__Task description__. In the listing that follows, the range to quote begins at the line that has "マルチストライプ レザー　クラッチバッグ A4収納可" and ends after the line that has "Oahu Hawaii Surfing Tote Bag (Front)"; quote it verbatim and add nothing.

__Supplied data__.
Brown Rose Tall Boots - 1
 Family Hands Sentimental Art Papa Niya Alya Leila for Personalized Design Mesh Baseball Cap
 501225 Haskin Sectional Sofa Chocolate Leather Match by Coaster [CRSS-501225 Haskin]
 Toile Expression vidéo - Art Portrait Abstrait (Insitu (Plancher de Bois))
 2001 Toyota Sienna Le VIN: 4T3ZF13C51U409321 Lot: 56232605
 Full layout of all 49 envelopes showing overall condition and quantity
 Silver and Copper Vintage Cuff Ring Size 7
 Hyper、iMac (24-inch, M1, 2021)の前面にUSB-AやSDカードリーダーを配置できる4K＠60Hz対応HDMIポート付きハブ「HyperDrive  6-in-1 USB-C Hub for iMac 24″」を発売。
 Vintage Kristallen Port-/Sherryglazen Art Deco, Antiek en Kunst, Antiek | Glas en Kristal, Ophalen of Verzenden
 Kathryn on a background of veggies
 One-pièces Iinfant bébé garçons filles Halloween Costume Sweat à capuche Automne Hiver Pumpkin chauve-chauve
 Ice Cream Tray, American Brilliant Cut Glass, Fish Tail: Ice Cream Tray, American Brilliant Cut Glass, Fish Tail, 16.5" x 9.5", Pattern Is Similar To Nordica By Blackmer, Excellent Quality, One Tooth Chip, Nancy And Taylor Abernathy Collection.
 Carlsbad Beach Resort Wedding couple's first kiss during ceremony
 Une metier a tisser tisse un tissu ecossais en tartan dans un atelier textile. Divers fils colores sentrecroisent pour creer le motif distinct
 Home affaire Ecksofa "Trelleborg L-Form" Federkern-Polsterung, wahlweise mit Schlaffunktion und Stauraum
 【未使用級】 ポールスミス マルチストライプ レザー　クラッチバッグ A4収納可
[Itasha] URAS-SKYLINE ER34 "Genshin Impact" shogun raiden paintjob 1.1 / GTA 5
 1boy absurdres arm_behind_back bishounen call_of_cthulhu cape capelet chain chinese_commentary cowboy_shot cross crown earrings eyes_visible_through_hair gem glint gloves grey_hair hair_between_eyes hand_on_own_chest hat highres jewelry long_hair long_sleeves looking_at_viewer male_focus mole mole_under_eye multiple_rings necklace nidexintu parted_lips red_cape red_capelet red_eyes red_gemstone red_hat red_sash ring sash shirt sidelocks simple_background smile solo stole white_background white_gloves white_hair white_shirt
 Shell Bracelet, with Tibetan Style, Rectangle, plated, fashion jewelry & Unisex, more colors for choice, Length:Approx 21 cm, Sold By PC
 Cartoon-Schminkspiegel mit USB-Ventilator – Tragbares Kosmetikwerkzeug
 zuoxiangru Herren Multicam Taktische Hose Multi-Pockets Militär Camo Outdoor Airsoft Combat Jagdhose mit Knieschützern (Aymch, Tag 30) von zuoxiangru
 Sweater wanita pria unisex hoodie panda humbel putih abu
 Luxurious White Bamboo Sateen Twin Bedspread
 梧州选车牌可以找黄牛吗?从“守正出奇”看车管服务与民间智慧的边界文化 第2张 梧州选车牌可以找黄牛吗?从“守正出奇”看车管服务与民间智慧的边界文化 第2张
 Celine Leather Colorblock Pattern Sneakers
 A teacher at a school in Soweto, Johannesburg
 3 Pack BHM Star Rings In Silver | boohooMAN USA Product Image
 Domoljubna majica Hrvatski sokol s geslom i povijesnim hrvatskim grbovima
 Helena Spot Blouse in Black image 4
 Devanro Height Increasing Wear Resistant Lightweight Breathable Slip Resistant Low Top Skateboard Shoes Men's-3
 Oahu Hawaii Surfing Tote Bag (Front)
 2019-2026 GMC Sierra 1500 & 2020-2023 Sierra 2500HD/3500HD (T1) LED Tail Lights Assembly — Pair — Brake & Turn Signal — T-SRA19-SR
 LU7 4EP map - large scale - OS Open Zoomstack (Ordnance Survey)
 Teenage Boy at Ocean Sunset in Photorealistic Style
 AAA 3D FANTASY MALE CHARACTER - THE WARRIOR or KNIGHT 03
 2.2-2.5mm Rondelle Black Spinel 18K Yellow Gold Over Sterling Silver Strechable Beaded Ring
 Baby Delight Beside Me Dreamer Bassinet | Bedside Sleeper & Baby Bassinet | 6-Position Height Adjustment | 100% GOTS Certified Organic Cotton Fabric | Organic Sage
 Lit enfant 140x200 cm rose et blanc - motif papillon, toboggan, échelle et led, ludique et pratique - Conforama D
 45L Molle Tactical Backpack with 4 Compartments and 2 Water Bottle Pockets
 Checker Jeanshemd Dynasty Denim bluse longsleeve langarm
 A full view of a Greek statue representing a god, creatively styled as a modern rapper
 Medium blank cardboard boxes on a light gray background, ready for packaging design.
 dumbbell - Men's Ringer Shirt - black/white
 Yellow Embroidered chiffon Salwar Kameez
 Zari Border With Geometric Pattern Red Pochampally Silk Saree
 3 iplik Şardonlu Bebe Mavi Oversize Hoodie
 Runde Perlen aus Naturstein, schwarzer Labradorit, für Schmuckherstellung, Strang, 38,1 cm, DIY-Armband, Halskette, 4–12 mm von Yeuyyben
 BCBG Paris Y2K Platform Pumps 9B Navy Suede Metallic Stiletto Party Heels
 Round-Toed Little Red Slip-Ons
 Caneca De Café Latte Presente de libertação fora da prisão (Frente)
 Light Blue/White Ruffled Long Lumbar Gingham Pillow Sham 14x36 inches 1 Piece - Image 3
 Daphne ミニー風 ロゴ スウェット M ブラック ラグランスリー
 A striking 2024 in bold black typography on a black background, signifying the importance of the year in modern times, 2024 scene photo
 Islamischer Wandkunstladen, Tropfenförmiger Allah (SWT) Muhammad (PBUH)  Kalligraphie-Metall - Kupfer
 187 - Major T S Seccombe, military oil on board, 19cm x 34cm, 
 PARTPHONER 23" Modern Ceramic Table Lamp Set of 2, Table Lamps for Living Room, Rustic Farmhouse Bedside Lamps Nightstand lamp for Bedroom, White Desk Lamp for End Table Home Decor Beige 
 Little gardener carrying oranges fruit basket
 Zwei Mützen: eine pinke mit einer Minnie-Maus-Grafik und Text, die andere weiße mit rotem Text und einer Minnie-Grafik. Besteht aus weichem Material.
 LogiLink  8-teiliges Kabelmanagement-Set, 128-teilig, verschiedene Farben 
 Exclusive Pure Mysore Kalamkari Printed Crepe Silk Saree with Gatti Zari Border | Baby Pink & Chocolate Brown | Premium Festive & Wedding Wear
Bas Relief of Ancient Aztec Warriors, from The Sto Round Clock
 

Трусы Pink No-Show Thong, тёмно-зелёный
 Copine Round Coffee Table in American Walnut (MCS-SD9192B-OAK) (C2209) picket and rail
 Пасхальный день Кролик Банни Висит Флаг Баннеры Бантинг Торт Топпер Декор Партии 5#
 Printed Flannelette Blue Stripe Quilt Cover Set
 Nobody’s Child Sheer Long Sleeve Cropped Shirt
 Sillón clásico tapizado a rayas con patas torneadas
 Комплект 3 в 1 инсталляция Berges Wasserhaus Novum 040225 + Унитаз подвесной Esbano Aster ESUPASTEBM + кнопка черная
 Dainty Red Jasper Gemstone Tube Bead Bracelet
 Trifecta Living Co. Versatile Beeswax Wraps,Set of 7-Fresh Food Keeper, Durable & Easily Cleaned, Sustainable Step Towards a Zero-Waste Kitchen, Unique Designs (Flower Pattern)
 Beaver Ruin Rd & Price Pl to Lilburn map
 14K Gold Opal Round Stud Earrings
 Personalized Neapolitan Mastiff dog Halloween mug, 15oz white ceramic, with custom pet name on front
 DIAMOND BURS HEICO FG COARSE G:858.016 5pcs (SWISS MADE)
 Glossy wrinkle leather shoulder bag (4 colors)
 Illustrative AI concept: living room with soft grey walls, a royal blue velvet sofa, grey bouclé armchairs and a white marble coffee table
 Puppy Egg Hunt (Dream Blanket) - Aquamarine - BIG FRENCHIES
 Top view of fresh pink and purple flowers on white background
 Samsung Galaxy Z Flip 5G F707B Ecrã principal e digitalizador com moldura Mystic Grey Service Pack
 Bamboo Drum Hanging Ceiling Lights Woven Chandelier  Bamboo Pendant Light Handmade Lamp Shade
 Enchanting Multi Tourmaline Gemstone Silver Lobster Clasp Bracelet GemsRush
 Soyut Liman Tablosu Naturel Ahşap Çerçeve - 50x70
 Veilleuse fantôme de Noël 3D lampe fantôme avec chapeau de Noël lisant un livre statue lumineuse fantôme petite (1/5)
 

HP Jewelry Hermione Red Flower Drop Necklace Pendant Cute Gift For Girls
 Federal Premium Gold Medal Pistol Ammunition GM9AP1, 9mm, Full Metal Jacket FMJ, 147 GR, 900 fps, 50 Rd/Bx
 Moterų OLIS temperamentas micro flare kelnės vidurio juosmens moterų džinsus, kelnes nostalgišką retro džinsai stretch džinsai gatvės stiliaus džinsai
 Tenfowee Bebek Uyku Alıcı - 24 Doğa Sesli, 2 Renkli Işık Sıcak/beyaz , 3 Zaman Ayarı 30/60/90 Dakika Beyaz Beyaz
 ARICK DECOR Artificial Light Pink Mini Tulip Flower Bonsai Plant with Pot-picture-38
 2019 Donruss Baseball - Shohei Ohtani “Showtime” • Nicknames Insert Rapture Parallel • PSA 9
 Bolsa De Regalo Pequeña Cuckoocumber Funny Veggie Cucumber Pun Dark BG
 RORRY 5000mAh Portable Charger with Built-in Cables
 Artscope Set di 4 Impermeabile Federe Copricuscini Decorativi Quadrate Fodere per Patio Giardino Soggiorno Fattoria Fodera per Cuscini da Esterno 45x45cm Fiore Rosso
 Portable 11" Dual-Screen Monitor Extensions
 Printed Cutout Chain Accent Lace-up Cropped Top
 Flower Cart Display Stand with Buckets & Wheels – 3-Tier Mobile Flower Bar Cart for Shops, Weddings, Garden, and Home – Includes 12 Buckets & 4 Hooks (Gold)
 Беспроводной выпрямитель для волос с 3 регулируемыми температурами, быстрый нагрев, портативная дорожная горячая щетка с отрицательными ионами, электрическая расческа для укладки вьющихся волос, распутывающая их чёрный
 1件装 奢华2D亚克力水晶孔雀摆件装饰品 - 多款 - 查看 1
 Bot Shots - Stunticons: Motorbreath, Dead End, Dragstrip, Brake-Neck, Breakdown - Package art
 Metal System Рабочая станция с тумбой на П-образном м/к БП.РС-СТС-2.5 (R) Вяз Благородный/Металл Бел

__Task answer__.
 【未使用級】 ポールスミス マルチストライプ レザー　クラッチバッグ A4収納可
[Itasha] URAS-SKYLINE ER34 "Genshin Impact" shogun raiden paintjob 1.1 / GTA 5
 1boy absurdres arm_behind_back bishounen call_of_cthulhu cape capelet chain chinese_commentary cowboy_shot cross crown earrings eyes_visible_through_hair gem glint gloves grey_hair hair_between_eyes hand_on_own_chest hat highres jewelry long_hair long_sleeves looking_at_viewer male_focus mole mole_under_eye multiple_rings necklace nidexintu parted_lips red_cape red_capelet red_eyes red_gemstone red_hat red_sash ring sash shirt sidelocks simple_background smile solo stole white_background white_gloves white_hair white_shirt
 Shell Bracelet, with Tibetan Style, Rectangle, plated, fashion jewelry & Unisex, more colors for choice, Length:Approx 21 cm, Sold By PC
 Cartoon-Schminkspiegel mit USB-Ventilator – Tragbares Kosmetikwerkzeug
 zuoxiangru Herren Multicam Taktische Hose Multi-Pockets Militär Camo Outdoor Airsoft Combat Jagdhose mit Knieschützern (Aymch, Tag 30) von zuoxiangru
 Sweater wanita pria unisex hoodie panda humbel putih abu
 Luxurious White Bamboo Sateen Twin Bedspread
 梧州选车牌可以找黄牛吗?从“守正出奇”看车管服务与民间智慧的边界文化 第2张 梧州选车牌可以找黄牛吗?从“守正出奇”看车管服务与民间智慧的边界文化 第2张
 Celine Leather Colorblock Pattern Sneakers
 A teacher at a school in Soweto, Johannesburg
 3 Pack BHM Star Rings In Silver | boohooMAN USA Product Image
 Domoljubna majica Hrvatski sokol s geslom i povijesnim hrvatskim grbovima
 Helena Spot Blouse in Black image 4
 Devanro Height Increasing Wear Resistant Lightweight Breathable Slip Resistant Low Top Skateboard Shoes Men's-3
 Oahu Hawaii Surfing Tote Bag (Front)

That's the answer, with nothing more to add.